Something special about the Shootout


From the moment I started at Sandown Park there was one race that got the blood pumping more than any other.

I started at Sandown Park in 2005. I had a bit of experience in thoroughbred racing but, if I’m honest, knew little about greyhound racing other than the fact that eight dogs run fast around the track. Except for one race that is that, where four dogs run really fast around the track.

The Shootout is often billed as ‘the speed championship of Australia.’ The concept is simple – with just four dogs in the field, there’s less chance for interference which gives those dogs that lack speed at box rise time to steady, find their stride and show what they can do. Four of the fastest canines in the land racing head to head. Oh, and the winner gets the prize. All of it. It’s the only race I’m aware of any code where the winner takes the entire purse.

The Shootout started back in 1998 as a paid entry race. If you thought you had the fastest chaser in the country and you were prepared to stump up $5000, you could prove to everyone you’re right. In that first year, just three sets of connections forked out the entry fee with the brilliant WA sprinter Reggimite claiming the $40,000 prize.

Whisky Assassin won the Shootout in 2004 and people around the club were still talking about the race when I started in March the following year.
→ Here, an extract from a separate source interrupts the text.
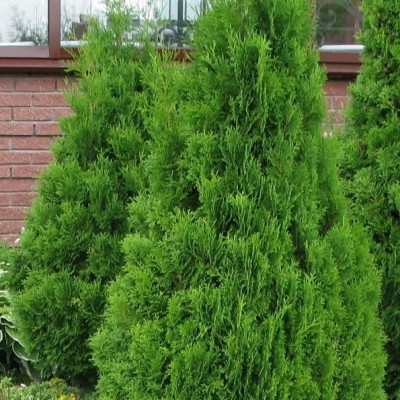 Туя западная Холмстрап (Thuja occidentalis Holmstrup) - Экспосад в Селятино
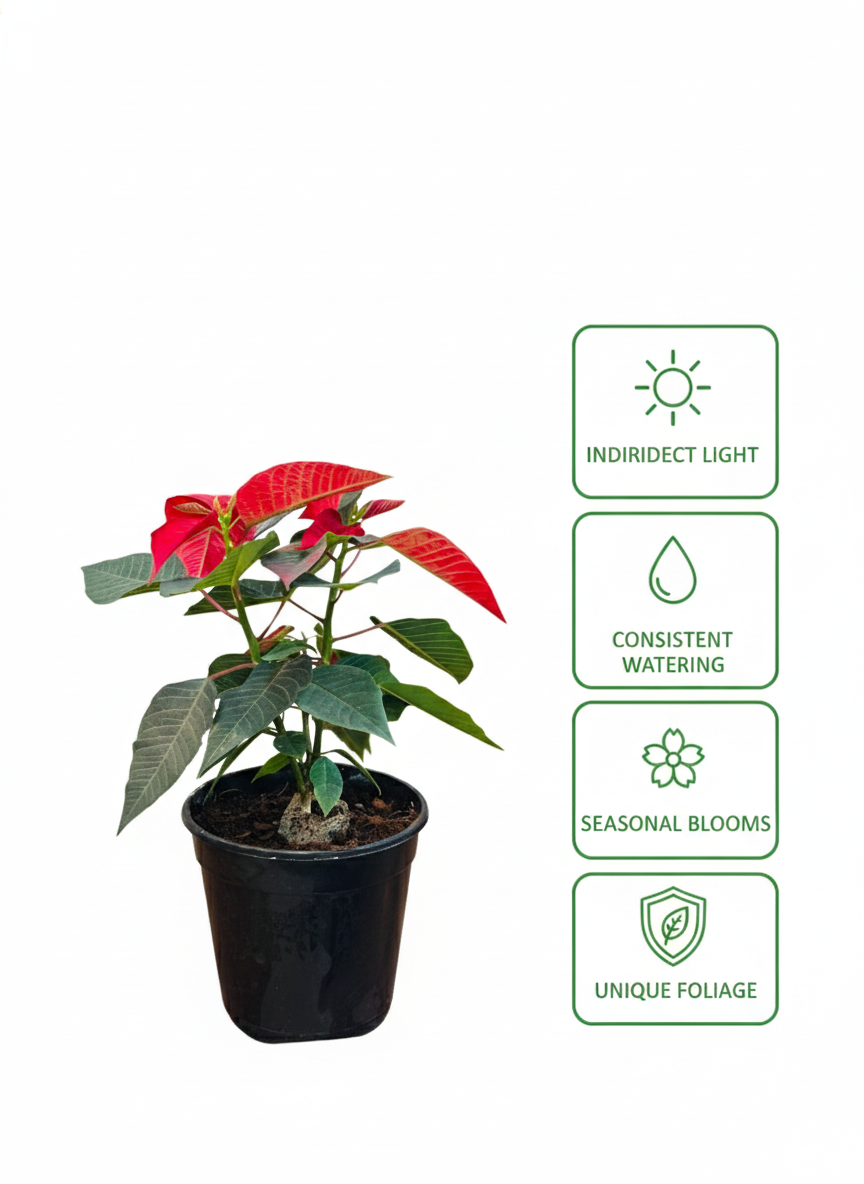 Poinsettia Red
So naturally it was a race that I was keenly looking forward to later that year, and it didn’t disappoint! The connections of Bond, a greyhound that had burst onto the scene almost 12 months earlier running scintillating times around NSW, put up the entry fee despite their charge only having the one start in the preceding four months – a well beaten fifth at Wentworth Park.

There was plenty of support by punters for the big 36kg black dog, and it was well founded. As is typical of the winner of the race, Bond took a few strides to balance up and then exploded to the lead, extending his advantage at every post to stop the clock in 29.38 – a new track record. The buzz around the big crowd that night had me hooked. Not just on the race, but the sport. It was as exciting a moment as you’d see on a race track and I’m sure any newcomer to greyhound racing that was there that night left a convert to the sport. The crowd was already abuzz as the field headed to the boxes, escorted by the cow girl promotional girls to the sound track of ‘The Good, The Bad, and the Ugly.’ Sure it was a bit gimmicky, but it was fun, exciting, and different to anything the sport offered anywhere else.

Not everyone is a fan of the Shootout. The detractors – and there have been many over the years – say that it’s not real racing, it’s just a gimmick and not to be taken too seriously. A bit like Test cricket and its gimmicky, not too serious and ‘not real cricket’ offshoot, T20. But while cricket traditionalists have been slow to embrace the short form of cricket, the players have and are making a lot of money from it because the public loves it. It’s been the same in a similar sense with the Shootout. The ‘traditionalist’ may deride it, but every male winner has gone to stud and most have the Shootout win as one of its key selling points. And who doesn’t want to see what the fastest dogs in the country can do with a clear run?

The format has also been embraced in other parts of the world. The Brisbane Greyhound racing Club now runs its popular four-dog ‘Super Stayers’ event as part of the winter carnival. A Shootout was briefly run in New Zealand, and in 2018 the first English Shootout will be run at the Towcester track. Hype follows the format wherever it goes.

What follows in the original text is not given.